I submitted PEP 741 to the Steering Council: PEP 741 -- Python Configuration C API · Issue #237 · python/steering-council · GitHub

Reposting this, because I’m still -1 on the PEP until one of the above happens.

I also posted on the SC issue that I don’t believe they should be considering it at this time.

1 Like

A key problem with the current situation is the stability of the PyConfig structure. It has been changing in every version of python in some cases just by reordering the fields. This is OK if you target a single version of python and you work in C/C++. But if you want to be able to target multiple python versions with a single executable and/or you work in a different programming language (so you need to translate the headers) this is just a nightmare . And with the removal of the old config API in 3.13, this is a problem that is impossible to avoid.

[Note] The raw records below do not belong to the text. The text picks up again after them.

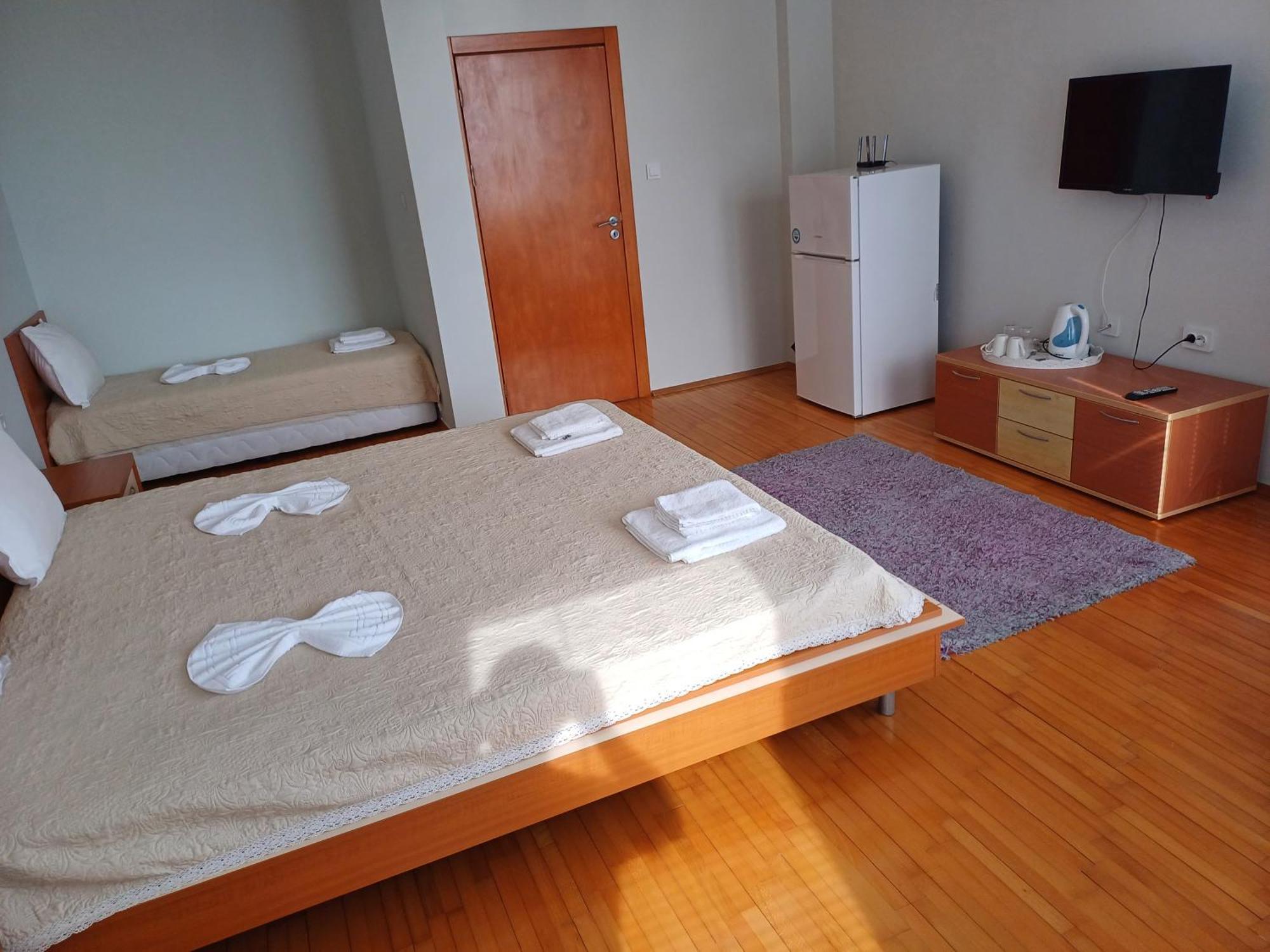Guest Rooms Deva Burgas ภายนอก รูปภาพ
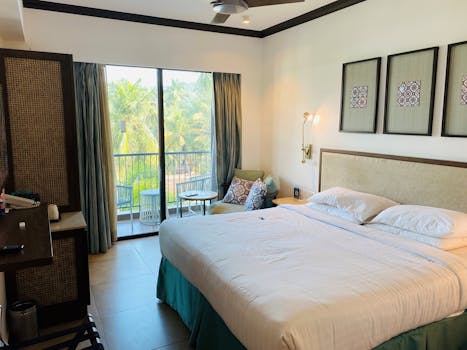 Romantic Retreat Hotels With Scenic Balcony Views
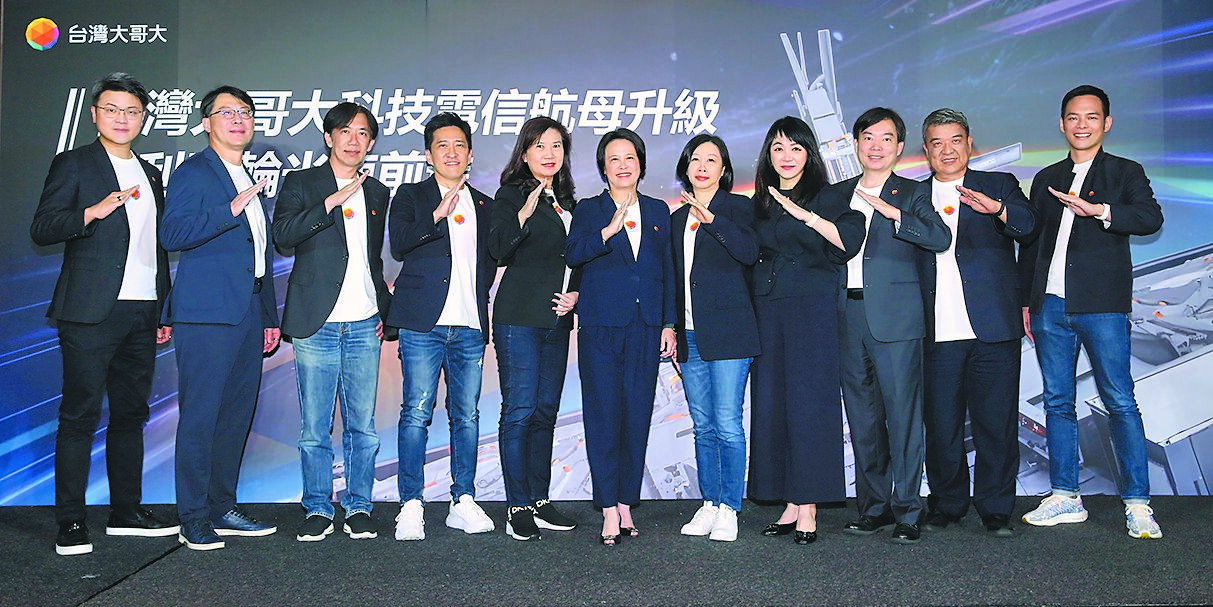 台灣大哥大總經理林之晨(右一)18日率經營團隊共同公布合併台灣之星後的半年成績單與前景展望。(台灣大提供/黃琮淵台北傳真) image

I just wonder why didn’t you just add new fields at the end of PyConfig and insert dummy fields in the place of removed ones to keep some level of version compatibility.

I am very much in favour of PEP 741, and I think it would provide stability and continuity for embedders that program in languages other than C or C++. I just wish the configuration API was originally designed as in this PEP.

2 Likes

I tried to explain in PEP 741 why PEP 587 didn’t take the stable ABI in account: PEP 741 – Python Configuration C API | peps.python.org Extract:

It was decided that if an application embeds Python, it sticks to a Python version anyway, and so there is no need to bother with the ABI compatibility.
(…)
Since PyConfig was added to Python 3.8, the limited C API and the stable ABI are getting more popular.